Ждана ждала её у колодца, как обычно, — румяная, круглолицая, в новом платке с красной вышивкой. Глаза у неё блестели — Марья сразу поняла: новость.

— Меня сватают, — сказала Ждана вместо приветствия. Глаза её сияли. — Гончар с посада, у отца своя мастерская. Матушка говорит — хороший человек, непьющий. Руки золотые, горшки его до самого Новгорода возят.

— Рада за тебя, — ответила Марья и почти не соврала. Она была рада — тем далёким, тихим чувством, каким радуются за человека, который нашёл то, что ищет, когда ты сам ещё не знаешь, чего ищешь.

— А ты всё с цифрами? — Ждана покачала головой. — Матушка твоя права, пора о семье думать. Вон, дьяконов сын на тебя заглядывается. Не красавец, зато при месте. И тихий, смирный — бить не станет.

Марья не ответила. Она смотрела на пристань, где покачивались ладьи — длинные, просмолённые, с высоко задранными носами. Одна из них, самая большая, была нагружена бочками с мёдом и связками мехов. На корме сидел мужик в кожаной безрукавке и чинил парус. Ладья уходила вниз по Днепру — туда, где река становилась шире и могучее, к порогам, к морю, к Царьграду. Отсюда, из Смоленска, путь до Царьграда был долог: сначала по Днепру до Киева, потом дальше на юг, через пороги, где печенеги поджидали караваны, и наконец — в открытое море. Но люди ходили этим путём, ходили и возвращались — с серебром, шелками, рассказами и шрамами.

«Они плывут туда, где звёзды видны целиком», — подумала Марья, и сердце сжалось так, что стало трудно дышать.
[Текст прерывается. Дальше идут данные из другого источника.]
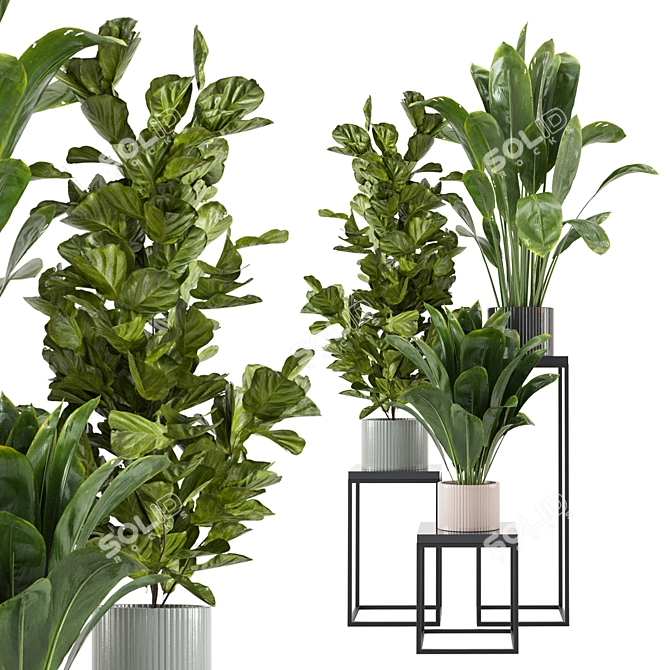 Botanical Bliss: Indoor Plant Collection 3D model image 2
— Ты меня слушаешь? — обиделась Ждана.

— Слушаю, — сказала Марья. — Дьяконов сын. Непьющий. Я запомню.

Ждана вздохнула и покачала головой, но промолчала. Она давно привыкла к тому, что подруга смотрит куда-то мимо, поверх крыш, поверх людей — туда, куда Ждане заглядывать не хотелось. Когда-то в детстве это казалось причудой. Теперь — чудачеством. А скоро, Ждана чувствовала, станет бедой.

Мать месила тесто, когда Марья вошла. В избе было душно: лучина горела неровно, бросая на стены дрожащие тени. Пахло кислым — квашня стояла в углу с утра. Отец сидел на лавке у печи, вытянув больную ногу, и строгал ножом деревянную ложку. Он делал это каждый вечер — строгал ложки, миски, веретена, — не потому что нужны были, а потому что руки не могли сидеть без дела. Стружка вилась белой лентой и падала на пол, и пахло свежим деревом — единственный запах в этом доме, который Марья любила.